Personal information
- Born: December 27, 1996 (age 29) Abuja, Nigeria
- Listed height: 6 ft 6 in (1.98 m)
- Listed weight: 229 lb (104 kg)

Career information
- High school: San Gabriel Academy (San Gabriel, California); Cheshire Academy (Cheshire, Connecticut);
- College: South Alabama (2016–2020);
- NBA draft: 2020: undrafted
- Playing career: 2020–present

Career history
- 2020–2021: Hermine Nantes
- 2021–2022: SLUC Nancy Basket
- 2022–2023: Saint-Chamond Basket
- 2023–2024: Balıkesir Belediyespor
- 2024: Skyliners Frankfurt
- 2024–2025: Basket Torino
- 2026–present: Anwil Włocławek

Career highlights
- First-team All-Sun Belt (2020); Second-team All-Sun Belt (2019);

= Josh Ajayi =

Nigerian basketball player (born 1996)

Ifeoluwa Joshua Ajayi (born December 27, 1996) is a Nigerian professional basketball player for Anwil Włocławek of the Polish Basketball League. He played college basketball for South Alabama.

==Early life==
Ajayi attended San Gabriel Academy where he averaged a double-double his final two seasons. He averaged 16.5 points and 11.8 rebounds per game as a junior. Ajayi did a postgraduate year at Cheshire Academy in Cheshire, Connecticut. He averaged 15 points and 10 rebounds per game and earned Class AA Honorable Mention All-New England honors from the New England Preparatory School Athletic Council. Ajayi signed with South Alabama out of high school.

==College career==
Ajayi redshirted his true freshman season as a partial academic qualifier. He averaged 10.6 points and 5.4 rebounds per game as a redshirt freshman, and he scored 27 points against FIU. As a sophomore, Ajayi averaged 12.9 points and 6.7 rebounds per game.
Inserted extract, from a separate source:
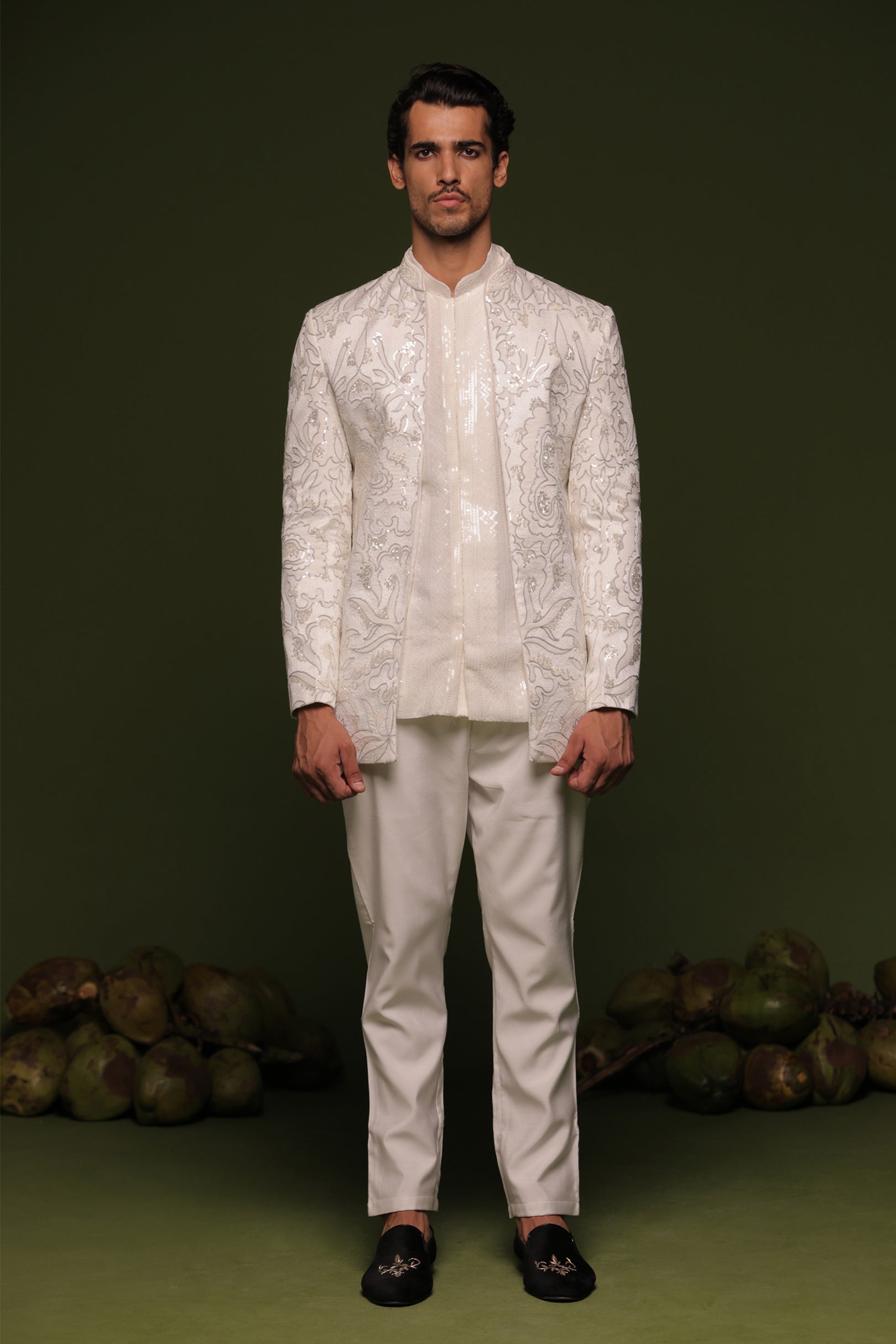 Indra Off White Jodhpuri Set with Shirt Trouser Kalpraag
Ajayi averaged 16.4 points and 7.4 rebounds per game as a junior, shooting 56 percent from the floor. He earned Second Team All-Sun Belt honors. On November 12, 2019, Ajayi was named Sun Belt player of the week after posting a career-high 30 points as well as seven rebounds in a 75-69 victory over Southern Miss. He was again named conference player of the week on January 20, 2020, after posting 24 points in a 74-68 win over Georgia Southern. As a senior, Ajayi averaged 14.6 points and 7.2 rebounds per game, helping the Jaguars finish 20-11, and led the conference with a 56.2 field goal percentage. He was named to the First Team All-Sun Belt as well as First-Team All-District by the NABC.

==Professional career==
On June 29, 2020, Ajayi signed his first professional contract with Hermine Nantes of the French LNB Pro B. He averaged 10.8 points, 4.4 rebounds, and 1.1 assists per game. On July 8, 2021, Ajayi signed with SLUC Nancy Basket.